За один вечер я написал три стихотворения, относящихся к жанру пейзажной лирики, принес их на факультет, и, сохраняя прежний трепетный вид, вручил Гретте; она посмотрела на часы, обещала к концу дня напечатать…
Неужели, прочитав, не догадается не печатать?
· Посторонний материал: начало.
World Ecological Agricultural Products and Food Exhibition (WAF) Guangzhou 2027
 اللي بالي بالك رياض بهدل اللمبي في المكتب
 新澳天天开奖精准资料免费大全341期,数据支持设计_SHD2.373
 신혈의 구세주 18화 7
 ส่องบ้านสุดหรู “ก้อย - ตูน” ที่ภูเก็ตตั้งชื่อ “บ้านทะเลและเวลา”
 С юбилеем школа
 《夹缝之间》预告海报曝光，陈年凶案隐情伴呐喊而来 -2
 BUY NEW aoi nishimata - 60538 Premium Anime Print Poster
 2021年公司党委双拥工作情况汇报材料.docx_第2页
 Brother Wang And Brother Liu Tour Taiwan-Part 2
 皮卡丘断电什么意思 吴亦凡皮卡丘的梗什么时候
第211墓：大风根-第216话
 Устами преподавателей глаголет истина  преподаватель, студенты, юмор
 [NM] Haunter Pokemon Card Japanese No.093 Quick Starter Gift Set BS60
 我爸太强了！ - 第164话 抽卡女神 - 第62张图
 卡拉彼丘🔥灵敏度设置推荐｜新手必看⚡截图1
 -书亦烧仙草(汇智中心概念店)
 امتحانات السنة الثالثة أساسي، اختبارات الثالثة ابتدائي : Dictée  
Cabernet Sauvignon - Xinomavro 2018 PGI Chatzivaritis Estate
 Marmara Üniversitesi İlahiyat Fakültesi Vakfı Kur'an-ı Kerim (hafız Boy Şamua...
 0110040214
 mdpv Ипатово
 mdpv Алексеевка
А если напечатает, как мне смотреть ей в глаза или… оскорбить расплатой?
…Вечером я не пришел… днем… заглянул на минутку… будто на бегу… Она протянула мне экземпляры и черновик… Я замялся, несколько раз сказал: — Спасибо, спасибо, большое спасибо…
— Второе на одной не уместилось, — сказала она, — вышло четыре страницы — сорок копеек…
Я побагровел, отсчитал мелочь…
— Благодарю, — сказала она…
Больше я ей стихов не давал и вообще не писал… После работы мы иногда гуляли, я провожал ее то на трамвай, то на автобус — попытки проводить до дому или отвезти на такси мягко пресекались.
Как-то зимой, на Ленинских горах, мы лезли по круче, скользили, держались за руку… Остановились передохнуть — тут я притянул ее к себе, поцеловал. Она незамедлительно ответила сразу несколькими поцелуями — стало ясно, что это дружба…
Тем лучше, тем лучше… ведь она к тому же старше меня на целых четыре года…
А Нина Тверская на все шесть — однажды, когда я, засидевшись, остался ночевать у Тверских, она постелила мне тонкое белье, разгладила руками каждую складочку, каждую морщинку (как в казарме?!), а когда я лег, пришла, села рядом, гладила по голове, молчала…
…После нашего зимнего «восхождения» Гретта заболела, и я, чувствуя себя виновником случившегося, решил нарушить никогда не данный обет и навестить ее дома; я мало знал о ней, вернее, почти ничего. Ну, не замужем, ну, живет с мамой, окна выходят на кладбище, там похоронен дедушка, дом без лифта, пятый этаж… пожалуй, все… Купив цветы и лимоны, я подглядел в отделе кадров адрес и отправился на том самом автобусе, на который до того лишь провожал.
Открыла мне мать Гретты, тоже вроде бы мышь, только яркая — белая мужская расстегнутая рубашка, цветастая юбка, смоляные, скрепленные лентой волосы, злые губы, темные усики замечательно сочетались с быстрой, темпераментной речью…
— О-о-о! — закричала она, едва я спросил о здоровье Гретты. — Давайте же скорее цветы… они и так замерзли…
…В комнате на диване, перевязанная цыганской какой-то шалью, с носом, распухшим и красным от насморка, сидела Гретта и смотрела телевизор; рядом полулежал мужчина лет тридцати с порочным, изнеженным лицом и телом атлета — он курил ментоловую сигаретку, издевательски комментировал происходившее на экране…
Гретта удивленно и смущенно протянула мне руку…
— О, какие ледышки, — сказала она, — вы-то хоть не простудитесь!
И тут же представила меня мужчине: его фамилия была мне знакома по сенсационным публикациям о цирке, и я, прикинув, понял, что он только выглядит на тридцать, а на самом деле наверняка ровесник матери Гретты…
— И конечно же, ее любовник, — успокоил я себя.
— Смотри, смотри… еще одна бездарь, — ничуть не смущаясь моим присутствием, он шлепнул Гретту по спине, показал на экран.
— Если тебе не нравится, давай выключим, — предложила Гретта.